Confused by time dilation

1. Sep 24, 2007

Raul_Duke21

Confused by time dilation!!

Ok I know that the faster you travel the slower time becomes for you by outside observers, while time would seem to go by at normal speed for you.

What I dont get is that there seems to be missing time for you on the moving vehicle.

If everything for you seems to be travelling at normal speed on the outside than what happened to the time that you didnt travel.

It seems to me that if you are going near the speed of light, than the outside world would seem to speed up as well, but this would make the speed of light go faster than it should.
Since you would be seeing things at a faster rate.

So you see my problem I dont seem to grasp where this missing time goes that you cant observe. Its as if when you stop, time would jump on you.

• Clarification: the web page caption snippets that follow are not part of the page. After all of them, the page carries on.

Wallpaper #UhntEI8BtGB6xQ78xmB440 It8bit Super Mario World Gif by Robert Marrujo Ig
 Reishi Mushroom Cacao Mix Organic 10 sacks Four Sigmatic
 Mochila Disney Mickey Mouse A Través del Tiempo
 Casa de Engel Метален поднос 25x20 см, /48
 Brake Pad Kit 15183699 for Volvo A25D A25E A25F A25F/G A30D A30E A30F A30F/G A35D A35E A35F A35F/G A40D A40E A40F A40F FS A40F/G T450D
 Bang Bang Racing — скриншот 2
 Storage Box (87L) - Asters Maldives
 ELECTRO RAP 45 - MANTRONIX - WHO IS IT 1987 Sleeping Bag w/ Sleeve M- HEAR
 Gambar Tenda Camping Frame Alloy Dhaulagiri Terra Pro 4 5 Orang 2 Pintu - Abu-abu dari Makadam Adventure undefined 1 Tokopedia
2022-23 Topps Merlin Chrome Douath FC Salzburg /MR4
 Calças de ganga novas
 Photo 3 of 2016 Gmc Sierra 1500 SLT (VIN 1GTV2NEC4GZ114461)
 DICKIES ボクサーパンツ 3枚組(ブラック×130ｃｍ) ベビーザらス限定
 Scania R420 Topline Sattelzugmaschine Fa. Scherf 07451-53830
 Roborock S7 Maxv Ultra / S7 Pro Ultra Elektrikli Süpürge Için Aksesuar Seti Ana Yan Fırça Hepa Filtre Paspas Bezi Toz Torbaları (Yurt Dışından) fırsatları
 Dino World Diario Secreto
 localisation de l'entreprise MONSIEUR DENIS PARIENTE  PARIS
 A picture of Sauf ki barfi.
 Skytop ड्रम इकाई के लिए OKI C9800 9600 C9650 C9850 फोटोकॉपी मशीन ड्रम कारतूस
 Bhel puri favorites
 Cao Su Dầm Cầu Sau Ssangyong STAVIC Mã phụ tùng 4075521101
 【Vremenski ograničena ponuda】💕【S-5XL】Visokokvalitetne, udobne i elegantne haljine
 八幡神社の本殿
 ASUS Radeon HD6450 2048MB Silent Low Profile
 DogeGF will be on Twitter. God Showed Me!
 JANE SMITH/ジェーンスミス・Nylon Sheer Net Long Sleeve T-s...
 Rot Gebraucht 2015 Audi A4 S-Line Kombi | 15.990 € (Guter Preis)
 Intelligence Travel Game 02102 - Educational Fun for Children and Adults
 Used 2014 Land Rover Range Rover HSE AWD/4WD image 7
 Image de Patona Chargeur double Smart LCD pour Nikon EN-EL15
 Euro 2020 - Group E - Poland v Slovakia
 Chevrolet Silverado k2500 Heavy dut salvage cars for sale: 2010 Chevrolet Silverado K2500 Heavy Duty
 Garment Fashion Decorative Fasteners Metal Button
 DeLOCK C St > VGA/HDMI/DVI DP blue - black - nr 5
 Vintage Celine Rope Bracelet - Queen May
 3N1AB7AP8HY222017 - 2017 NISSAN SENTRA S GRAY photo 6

I dont know I may be thinking to much but it seems odd to me. Sorry if I sound crazy but I just got off of work and work a night shift. Thanks for any help.

2. Sep 24, 2007

MathematicalPhysicist

I think that what you want to say what happens when you slow your speed, i.e if you started at 0.6c speed compared to another frame and you deaccelerate upto zero speed compaerd to that frame.
well if the accleration is constnat then there's a nice term for it, if not then i think that SR doesnt answers this question.

3. Sep 24, 2007

MathematicalPhysicist

here's the term for the time in the rest frame of the vehicle:
t'=c/a(ln(|at/c+sqrt((at/c)^2+1)|)

4. Sep 24, 2007

MathematicalPhysicist

a is the acceleration.

5. Sep 24, 2007

Raul_Duke21

Actually what I meant to say is, say you are traveling near the speed of light and could observe earth. Would it seem to be going faster or have the same time as you. Because either answer seems nonsensical to me.

6. Sep 24, 2007

MathematicalPhysicist

well your question and also the answer depneds on the rest frame, in your frame if you were to compare with someone in the earth then his clock will move slower by time dilation t'=gamma*t, now if he were to measure you time he will also see your time's running slower compared to his, by the same equation (but you repalce in the gamma v with -v, which in the gamma doesnt make a difference).

7. Sep 24, 2007

tabchouri

Although it is misleading to compare time flows at different frames especially when you take into considerations some of the "seem to be" statements.
To try to reply your question, the time flow on earth will be faster than the time flow of the traveler.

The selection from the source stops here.